The data >>
[Start of Attachment]

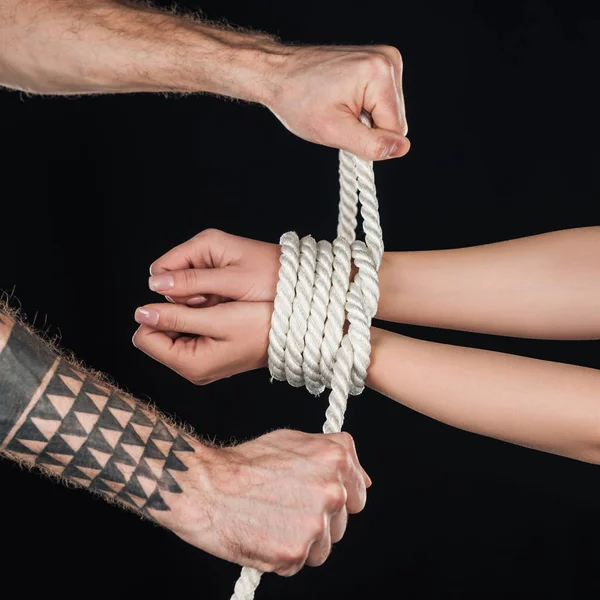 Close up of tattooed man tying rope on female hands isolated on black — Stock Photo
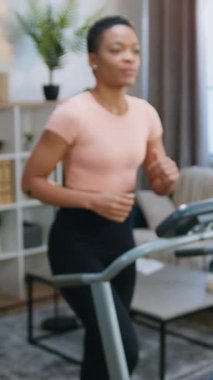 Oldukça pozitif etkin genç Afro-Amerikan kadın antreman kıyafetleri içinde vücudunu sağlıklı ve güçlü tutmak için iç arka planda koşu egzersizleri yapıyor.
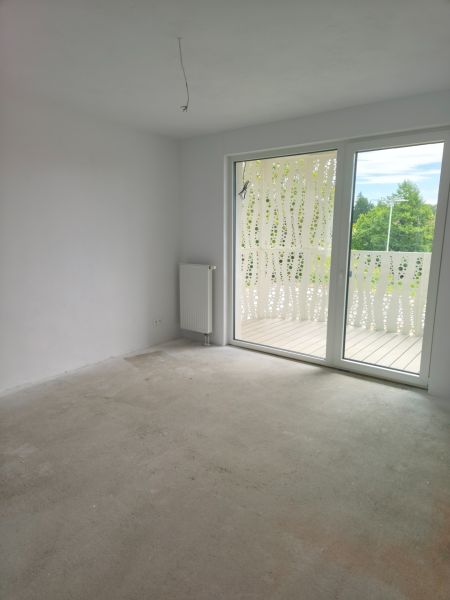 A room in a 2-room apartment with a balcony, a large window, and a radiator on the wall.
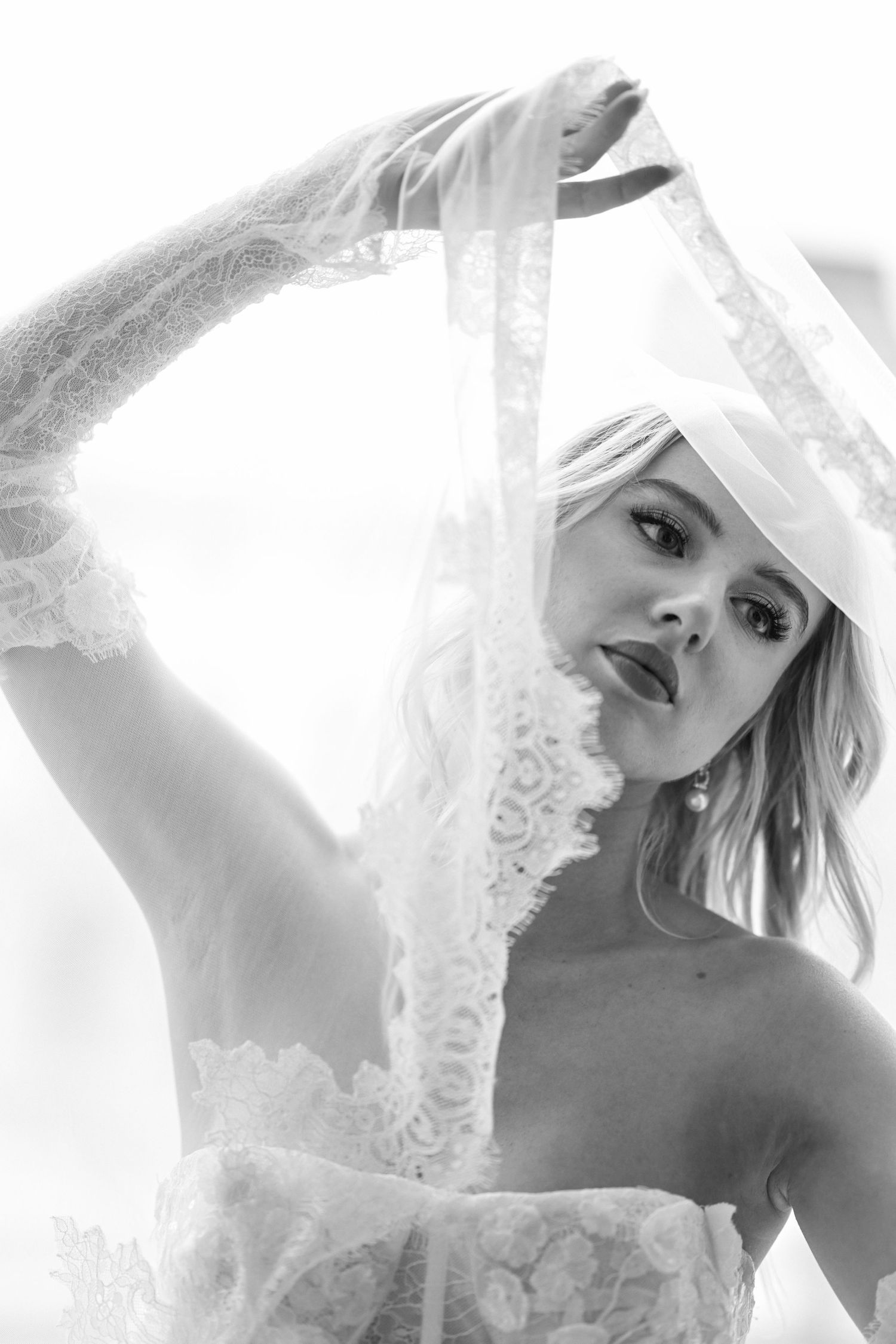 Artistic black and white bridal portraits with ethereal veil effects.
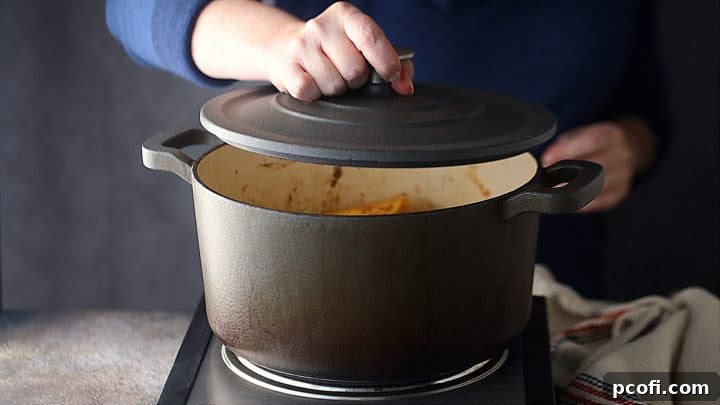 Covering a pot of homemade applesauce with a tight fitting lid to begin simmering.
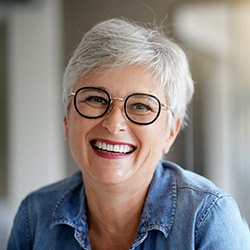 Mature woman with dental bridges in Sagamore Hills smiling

[End of Attachment]
[Start of Attachment]

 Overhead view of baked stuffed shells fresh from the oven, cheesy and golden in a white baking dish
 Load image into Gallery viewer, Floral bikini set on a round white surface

[End of Attachment]

Requirement >> Pictures aside, return exactly the lines from the data above, starting at the line that has "A room in a" and ending at the line that has "Mature woman with", both included.

Worked solution >>
 A room in a 2-room apartment with a balcony, a large window, and a radiator on the wall.
 Artistic black and white bridal portraits with ethereal veil effects.
 Covering a pot of homemade applesauce with a tight fitting lid to begin simmering.
 Mature woman with dental bridges in Sagamore Hills smiling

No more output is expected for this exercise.